Sebelum bangsa kita mencapai kemerdekaan, perdebatan mengenai arah pembangunan dan pendidkan sudah menjadi isu polemik sangat keras. Sebagian tokoh kita mengencam sistem pendidikan ala barat yang pada saat itu milai banyak diintroduksi dan diterapkan di tanah air, yang dinilai tidak memanusiakan manusia. Berdebatan itu sudah menjadi polemik kebudayaan bangsa kita dari tahu ke tahun. Menurut aktivis dan pergerakan, Dr. Sutomo dalam kutipan tulisannya yang tertuang dalam buku “Salam Indoesia” mengatakan bahwa sistem pendidikan ala barat megutamakan jasmani dan hanya mementingka kecerdasan akal, lupa akan jiwa. Akalnya dipakai untuk menaklukan alam, sehingga manusia merasa sebagai penguasa di alam semesta.pandangan ini diperkuat oleh Bagawan pendidikan KI Hajar Dewantara, yang juga merasa keberatan dengan adopsi sistem dan falsafah pendidikan barat.
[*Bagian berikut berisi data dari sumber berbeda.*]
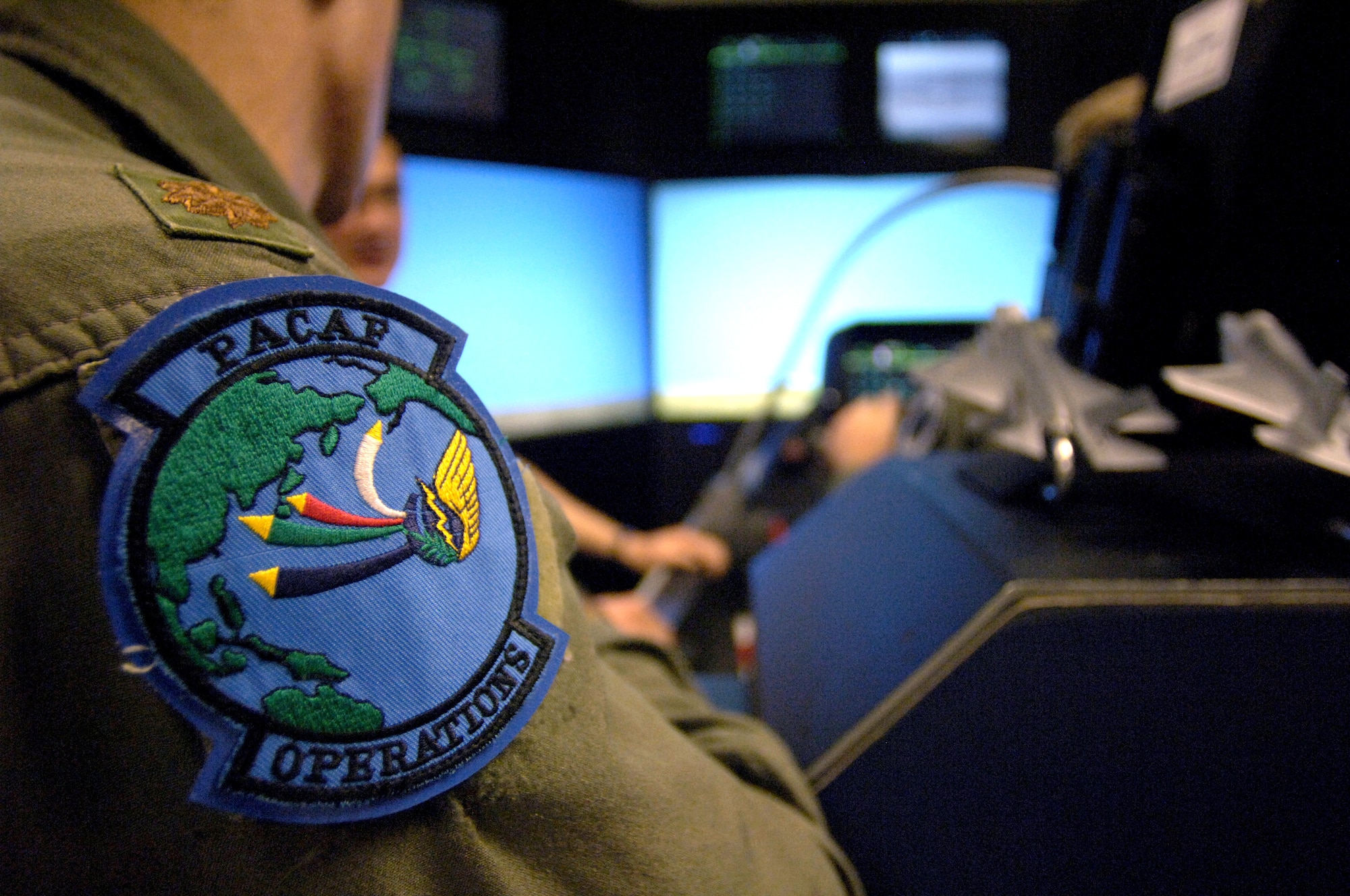 HICKAM AIR FORCE BASE, Hawaii (AFPN) -- Maj. Steve Biggs watches an F-35 Joint Strike Fighter simulator flight here. The simulator demonstrates the advanced capabilities of the F-35 -- the joint fighter of the 21st century. Major Biggs is from the Headquarters Pacific Air Force advanced programs office. (U.S. Air Force photo by Tech. Sgt. Shane A. Cuomo)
Tidak ada ujung dari polemik kebudayaan tersebut. Malah saya menduga api polemik itu hingga sekarang masih berlanjut, kalau kita melihat bahwa dikalangan pakar pendidikan kita pun masih terus terjadi sila pandanga megenai apa makana, tujuan dan fungsi pendidikan dalam masyarakat. Bukankah telah kita ketahui bersama bahwa gencarnya pemerintah dalam merealisasikan program KIS (Kartu Indonesia Sehat) dan KIP (kartu Indonesia Pintar) terhadapa masyarakat khususvya bagi peserta didik yang tergolong kurang mampu. Apakah program yang dicanangka tersebut sudah merata bagi generasi kita?
Entahlah pandangan ini mungkin terlalu ideal buat saya. Di masa Ki Hajar Dewantara pembangunan yang gencar dilakukan merupakan siakap ilmiah yang dianggap kurang responsif terhadap dinamika pembaguan yang telah dicanangkan dalam dalam target-target tertentu. Maka di masa kini dan masa akan datang dunia pendidkan harus mengenal yang namanya link and match. Dunia pendidikan harus nyambung dengan dunia pekerjaan. Pendidikan kererampilan digalakkan bebagai keterampilan dan motivasi dilakukan seagai salah satu bentuk kepedulian kami sebagai pemuda yang cinta akan bangsa dan negara demi mewujudkan Generasi bangsa yag cerdas dan bermartabat, karena kelajutan pedidikan anak bangsa itu menjadi tanggung jawab kami dimana akan kami upayakan dan laksanaka secara rutin dan terbuka.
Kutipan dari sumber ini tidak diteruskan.